Work item
The response should contain all of the records, copied exactly, and none of the images.

──────── Excerpted data ────────

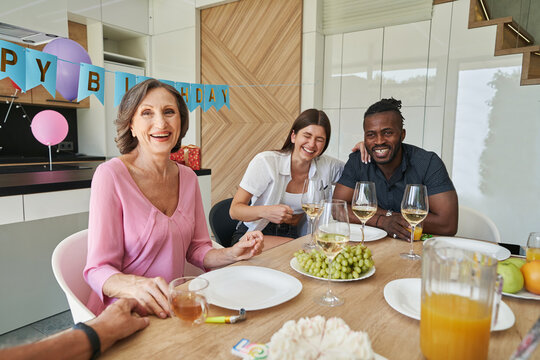 Smiling mother talking with father at kitchen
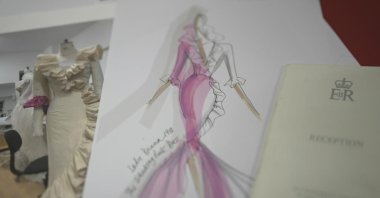 A sketch of an evening gown designed for the then Lady Diana Spencer by British designer Elizabeth Emanuel is displayed, in London, U.K., Nov. 18, 2022. (AP Photo)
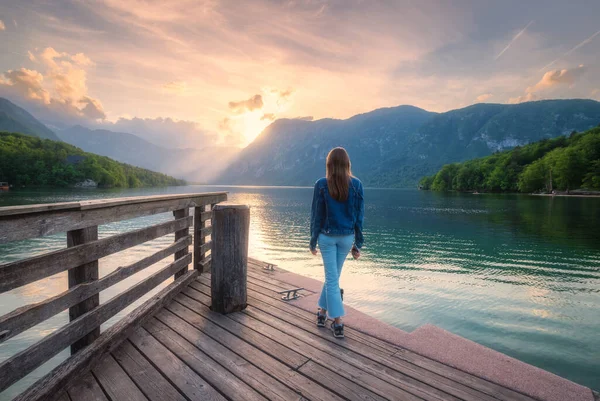 Ahşap iskelede, dağlarda ve baharda gün batımında Bohinj gölünde bir kadın. Kızım, suda yansıyan göl, dağlarda yeşil orman ve yazın renkli gökyüzü. Slovenya 'daki Triglav Ulusal Parkı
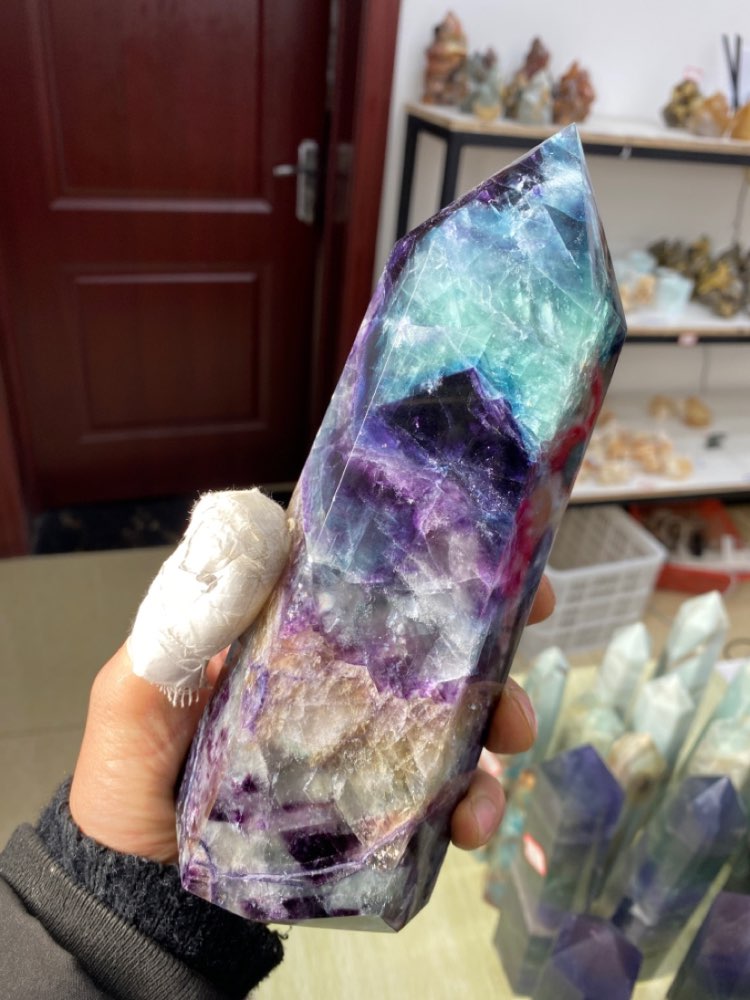 A large natural colored fluorite crystal point natural crystal wand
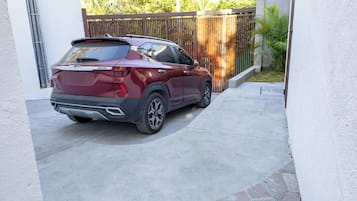 A maroon SUV parked in a covered driveway with a stone-tiled path, a wooden fence, and a white wall.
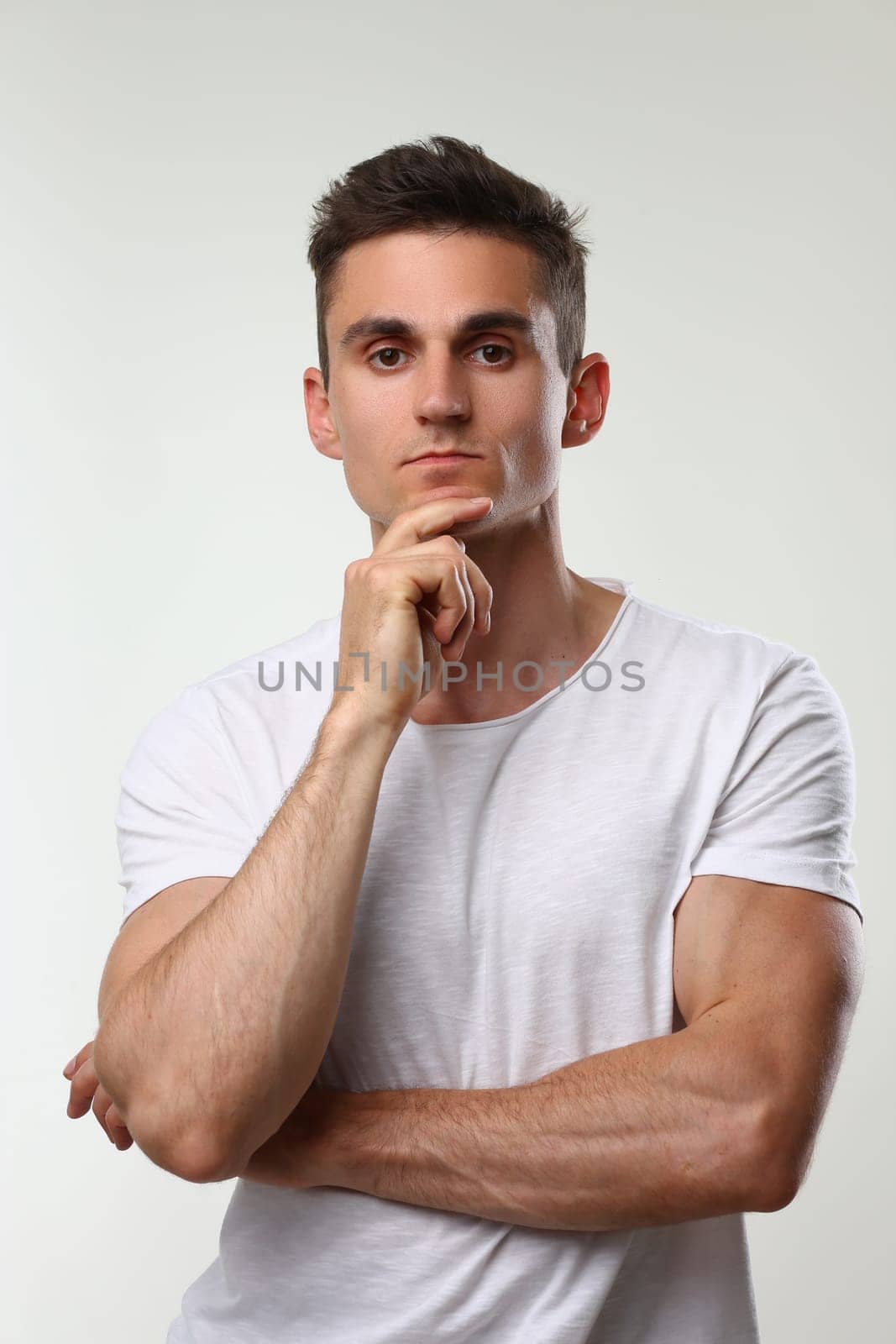 Portrait of young handsome athletic man in white t-shirt. Male brutality and masculinity concept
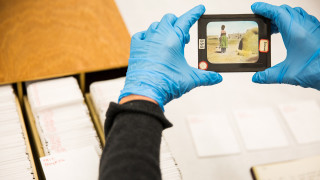 An anthropologist holds a lantern slide featuring a Native American woman standing next to a clay oven.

────────

Response
 Smiling mother talking with father at kitchen
 A sketch of an evening gown designed for the then Lady Diana Spencer by British designer Elizabeth Emanuel is displayed, in London, U.K., Nov. 18, 2022. (AP Photo)
 Ahşap iskelede, dağlarda ve baharda gün batımında Bohinj gölünde bir kadın. Kızım, suda yansıyan göl, dağlarda yeşil orman ve yazın renkli gökyüzü. Slovenya 'daki Triglav Ulusal Parkı
 A large natural colored fluorite crystal point natural crystal wand
 A maroon SUV parked in a covered driveway with a stone-tiled path, a wooden fence, and a white wall.
 Portrait of young handsome athletic man in white t-shirt. Male brutality and masculinity concept
 An anthropologist holds a lantern slide featuring a Native American woman standing next to a clay oven.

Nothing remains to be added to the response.